We need to promote active travel from a young age and equip a new generation with the skills to get about independently and without reliance on cars.
20mph default speed limit in all built-up areas
The chance of being killed is five times higher if hit at 30mph in comparison to 20mph. Slower speeds will increase safety and improve the environment making it feel less hostile to pedestrians and residents.
Pavement parking ban
Space in many urban places is becoming more and more constrained as car ownership rises, with many people choosing to park on pavements and other public space of the carriageway, such as grass verges. Vehicles parked on pavements make it difficult for people to use the footway. This includes people who are blind or partially sighted, older people, children, and people with reduced mobility, prams or pushchairs, who can be forced into the road and put at greater risk of collision and injury.
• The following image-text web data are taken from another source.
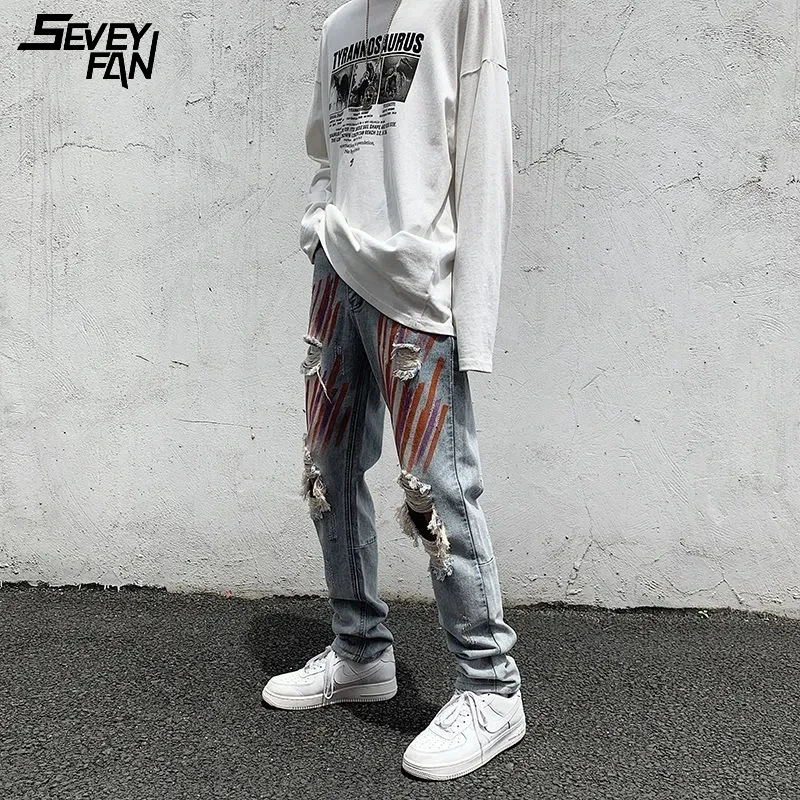 

Hi Street Hole Blue Jeans Men Graffiti Printed Fashion Streetwear Hip Hop Ripped Denim Pants Fashion Slim Pencil Jean Trousers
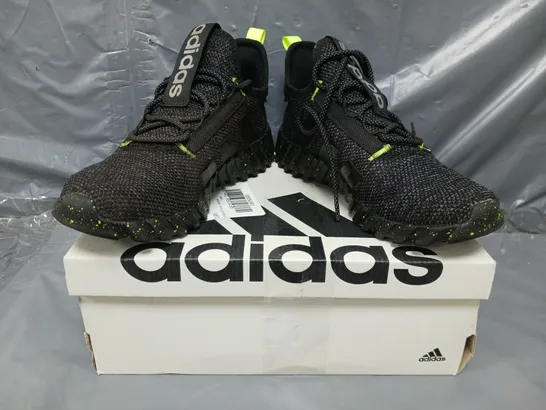 BOXED PAIR OF ADIDAS KAPTIR 3.0 K SHOES IN BLACK/GREEN UK SIZE 5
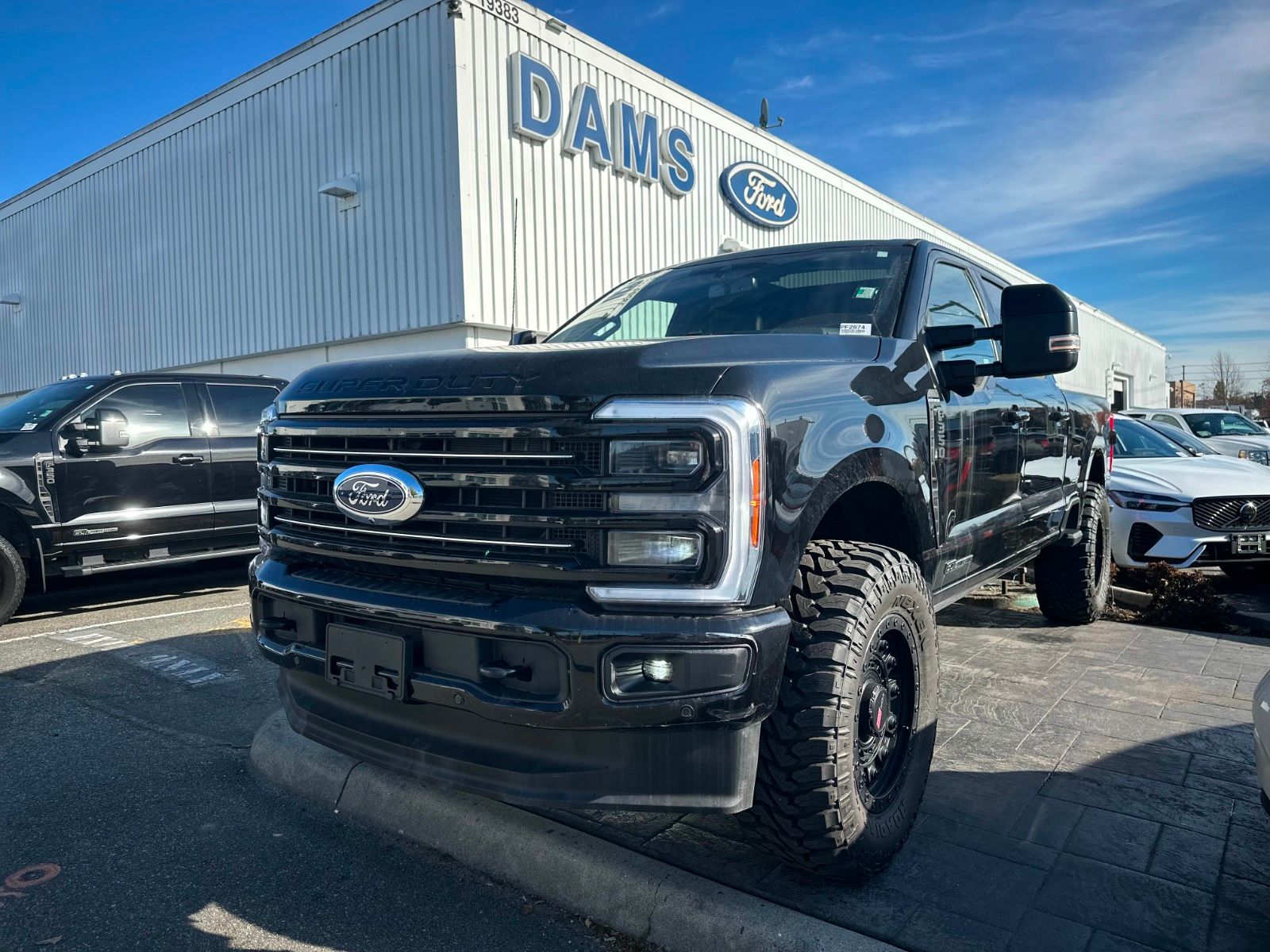  2025 Ford F-350 Super Duty Platinum Crew Cab 4WD   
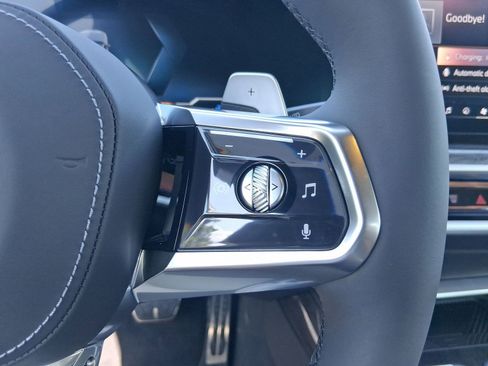 New 2026 BMW 750e xDrive image 23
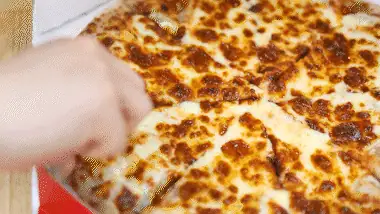 ブランド再ポジショニングを象徴するピザ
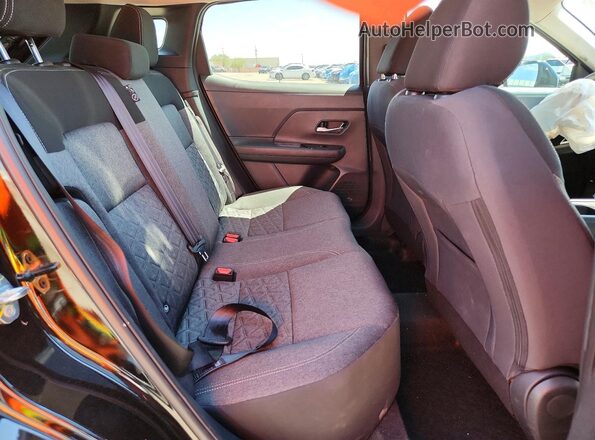 3N8AP6CA5SL319038 2025 NISSAN KICKS Черный Вид задней части салона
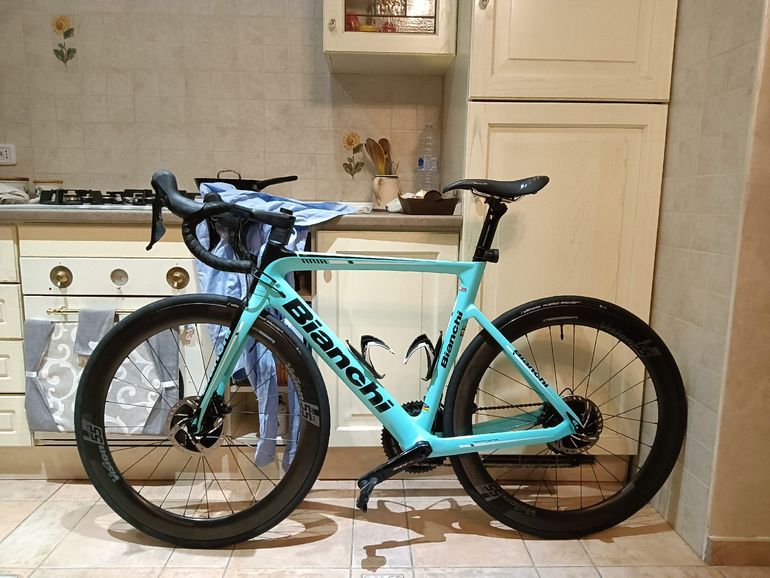 Used Bianchi Aria Disc 105 2019 2019 Road & Gravel, Blue — image 4 of 6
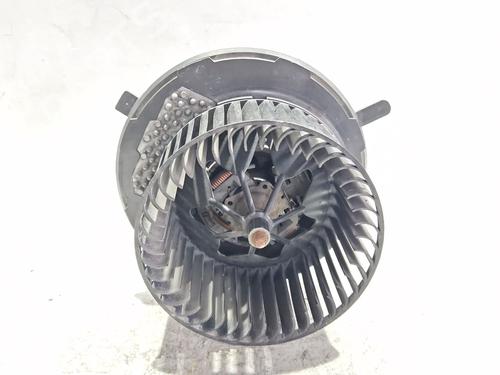 Used Heater blower motor VW GOLF VI (5K1) 2.0 TDI (110 hp) 30527552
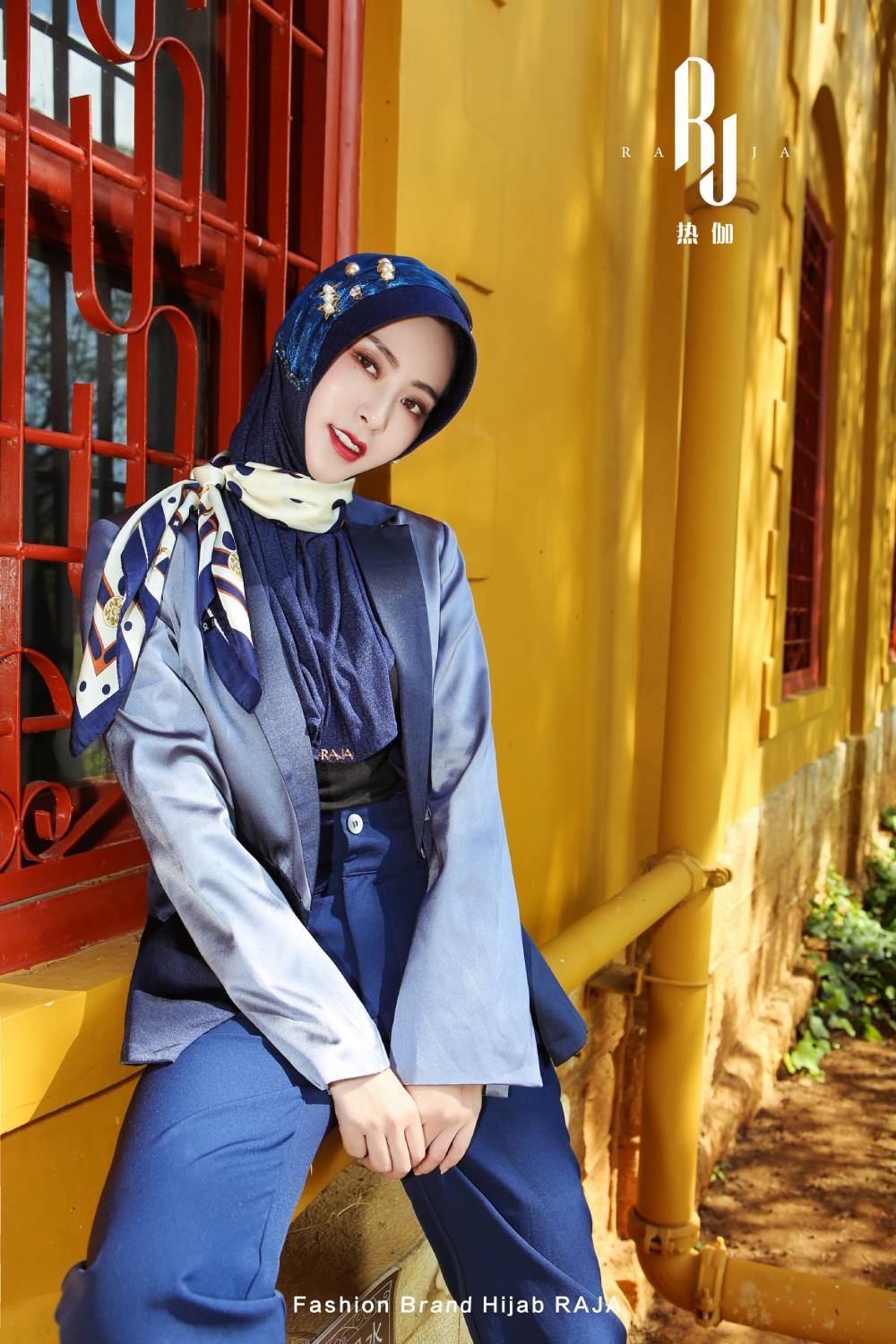 Laila - Bezaubernde Hijab-Kappe in Königsblau mit zarten Perlenverzierungen und Charmeuse-Schal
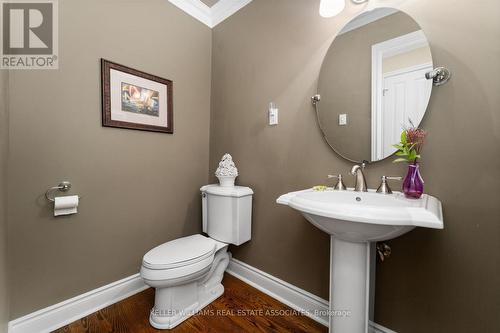 1244 Woodland Avenue, Mississauga, ON - Indoor Photo Showing Bathroom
The dominance of cars in our neighbourhoods greatly detracts from the environment and makes them less pleasant places to live and pass through. We believe Northern Ireland should follow the example of both London and Scotland and pass legislation to ban pavement parking.
People-prioritised streets and traffic restraint
People-prioritised streets and places put the needs of people first. This may or may not include elements typical of shared space schemes or give separate space to different users depending on which best creates an inclusive environment for all users.
We need more traffic restraint policies, including workplace car parking levies and mileage paid for cycling, along with other incentives to encourage modal shift to more sustainable modes of transport beneficial to the environment.
Develop a greenway network
Access to green and blue space is an essential human need. It improves our mental and emotional wellbeing, enables stronger social connections, and promotes physical activity.
A greenways programme that links towns and cities to green and blue space around them and provides direct, safe and attractive traffic-free walking and cycling routes, planned by the local community will go a long way to improving the problems which the UK population faces on a daily basis, and helping people incorporate encounters with the natural environment into their daily lives.
Trees absorb and store greenhouse gas emissions from cars, improve air quality, tackle noise pollution and provide shade in heatwaves. Good quality green and blue infrastructure including measures like Sustainable Urban Drainage Systems will better enable our towns and cities to cope with increased flood risk and weather changes, as well as improve our health and wellbeing.
Green citizens - volunteers
We need to galvanise the enthusiasm and commitment of citizens to protect and promote the environment. Sustrans has teams of volunteers who help us promote walking and cycling. We have a large number of rangers who look after the National Cycle Network and greenways across Northern Ireland – their work involves tidy days, signage and trouble-shooting. These volunteers should be given more support and a higher profile. There are many environmental charities across Northern Ireland that have similar teams of volunteers helping to support their work. A national programme, supported by government, should be considered to attract a network of ‘green’ volunteers, of all ages, to improve engagement with and the protection of our environment, as we all have a stake in it.